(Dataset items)
_ _ _ _ _ _ _

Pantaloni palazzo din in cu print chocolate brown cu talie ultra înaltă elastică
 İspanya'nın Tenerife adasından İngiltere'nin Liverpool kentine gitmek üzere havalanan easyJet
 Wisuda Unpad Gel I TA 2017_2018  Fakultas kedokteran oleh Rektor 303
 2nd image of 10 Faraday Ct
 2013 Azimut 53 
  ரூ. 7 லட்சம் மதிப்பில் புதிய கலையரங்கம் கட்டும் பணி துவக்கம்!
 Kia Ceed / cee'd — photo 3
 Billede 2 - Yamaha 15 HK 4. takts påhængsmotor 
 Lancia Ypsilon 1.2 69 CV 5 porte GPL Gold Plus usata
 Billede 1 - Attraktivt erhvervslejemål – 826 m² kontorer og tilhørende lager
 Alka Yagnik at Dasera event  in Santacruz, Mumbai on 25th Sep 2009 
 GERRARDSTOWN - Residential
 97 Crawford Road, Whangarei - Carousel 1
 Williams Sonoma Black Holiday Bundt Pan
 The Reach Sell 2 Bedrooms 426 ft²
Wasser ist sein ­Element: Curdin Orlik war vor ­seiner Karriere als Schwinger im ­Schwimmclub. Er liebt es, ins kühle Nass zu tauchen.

_ _ _ _ _ _ _

Write out exactly the lines above between the line with "2nd image of 10 Faraday Ct" and the line with "Lancia Ypsilon 1.2", inclusive, and nothing beyond them.

Task output
 2nd image of 10 Faraday Ct
 2013 Azimut 53 
  ரூ. 7 லட்சம் மதிப்பில் புதிய கலையரங்கம் கட்டும் பணி துவக்கம்!
 Kia Ceed / cee'd — photo 3
 Billede 2 - Yamaha 15 HK 4. takts påhængsmotor 
 Lancia Ypsilon 1.2 69 CV 5 porte GPL Gold Plus usata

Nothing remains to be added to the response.